Print only the lines from the one with "The line for" through the end of the data, exactly, and please omit pictures.

^^^^

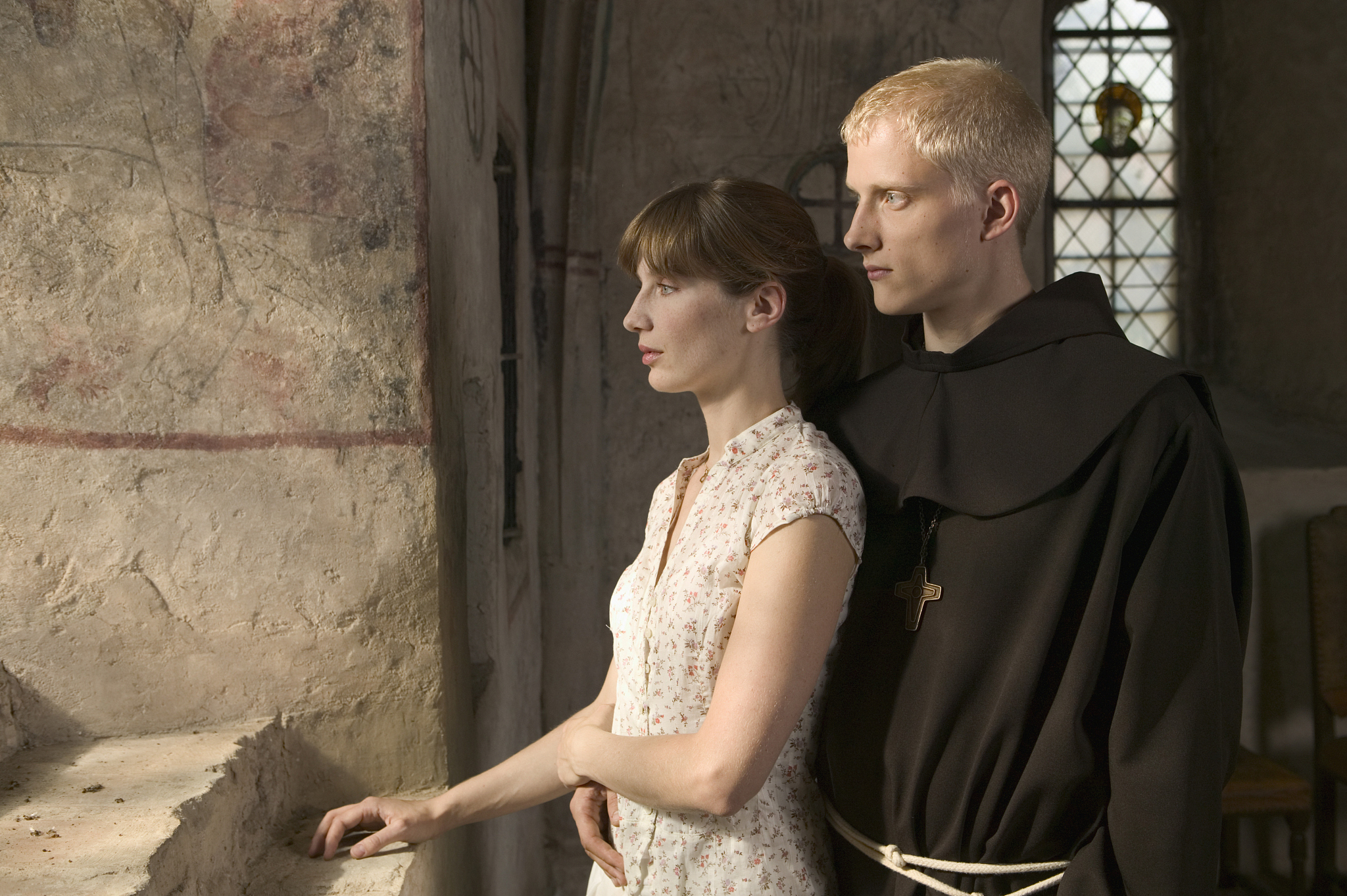 clergyman and woman in church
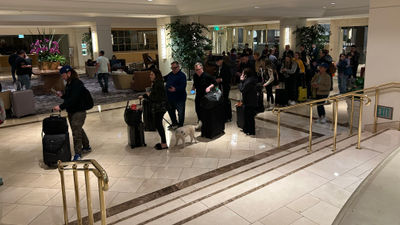 The line for check-in at the Hilton Los Angeles Airport on Jan 8. Airbnb has announced that it is offering free, temporary housing for people who have been displaced by the Los Angeles wildfires.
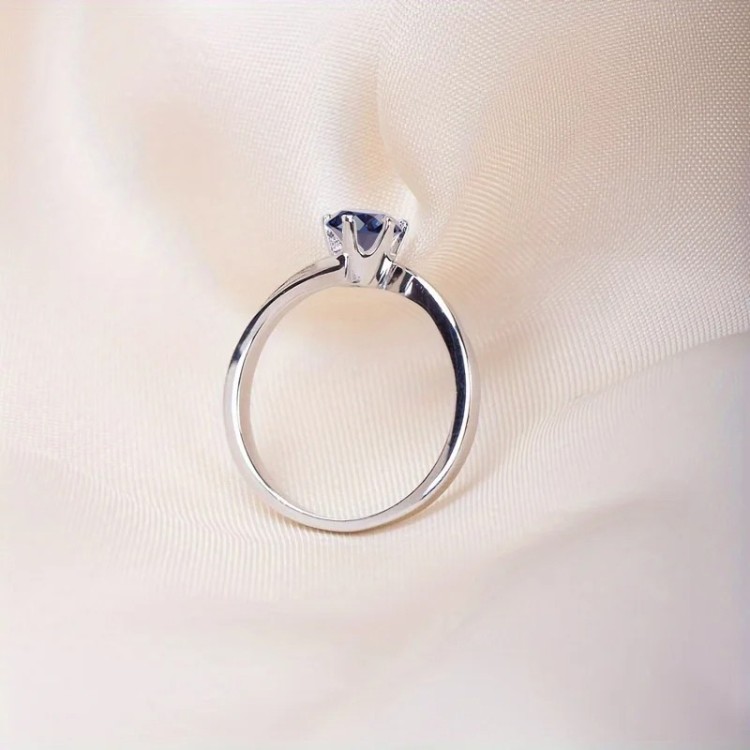 Anillo de compromiso en plata asimétrico con zafiro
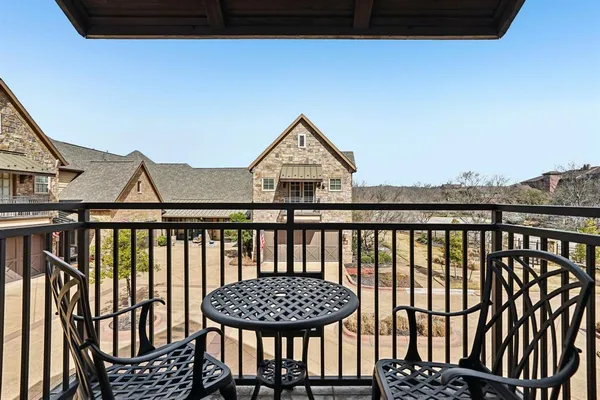 a view of a balcony with furniture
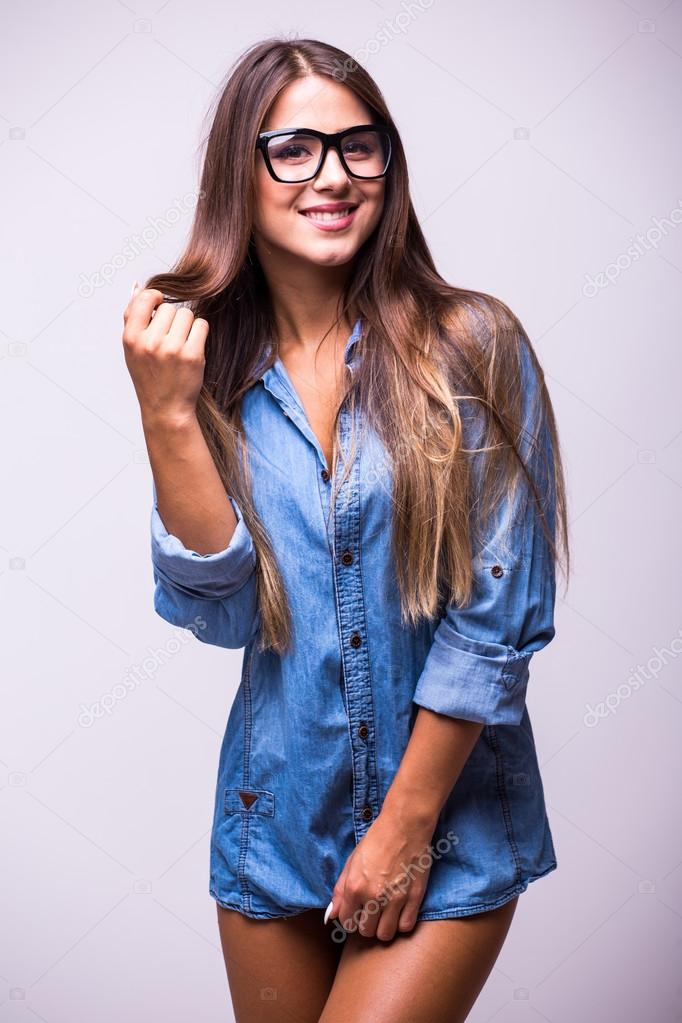 Stylish lady in casual shirt and jeans strikes selfie pose, holds  smartphone, gently touches face, isolated on blue background. 25863421  Stock Photo at Vecteezy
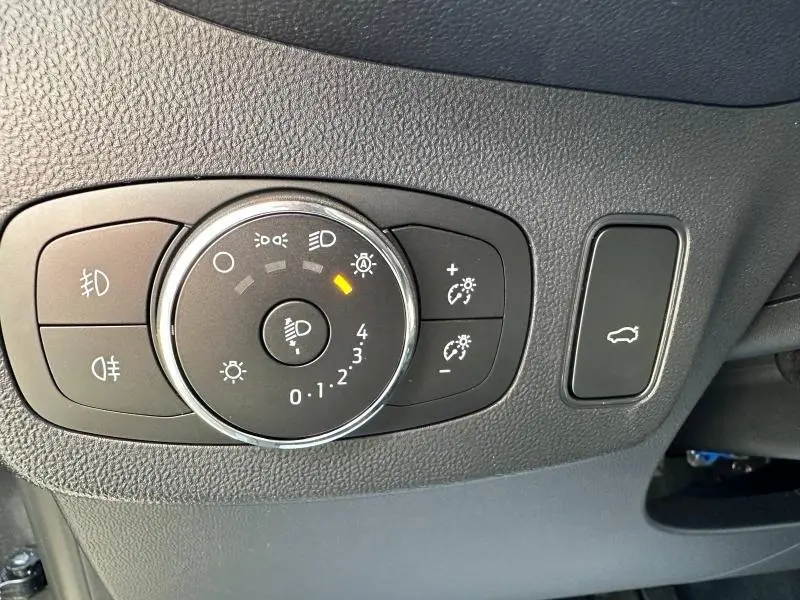 Gros plan sur le sélecteur de réglage des phares et bouton d'ouverture du coffre dans l'habitacle d'une Ford Puma 2023.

^^^^

## Output below
 The line for check-in at the Hilton Los Angeles Airport on Jan 8. Airbnb has announced that it is offering free, temporary housing for people who have been displaced by the Los Angeles wildfires.
 Anillo de compromiso en plata asimétrico con zafiro
 a view of a balcony with furniture
 Stylish lady in casual shirt and jeans strikes selfie pose, holds  smartphone, gently touches face, isolated on blue background. 25863421  Stock Photo at Vecteezy
 Gros plan sur le sélecteur de réglage des phares et bouton d'ouverture du coffre dans l'habitacle d'une Ford Puma 2023.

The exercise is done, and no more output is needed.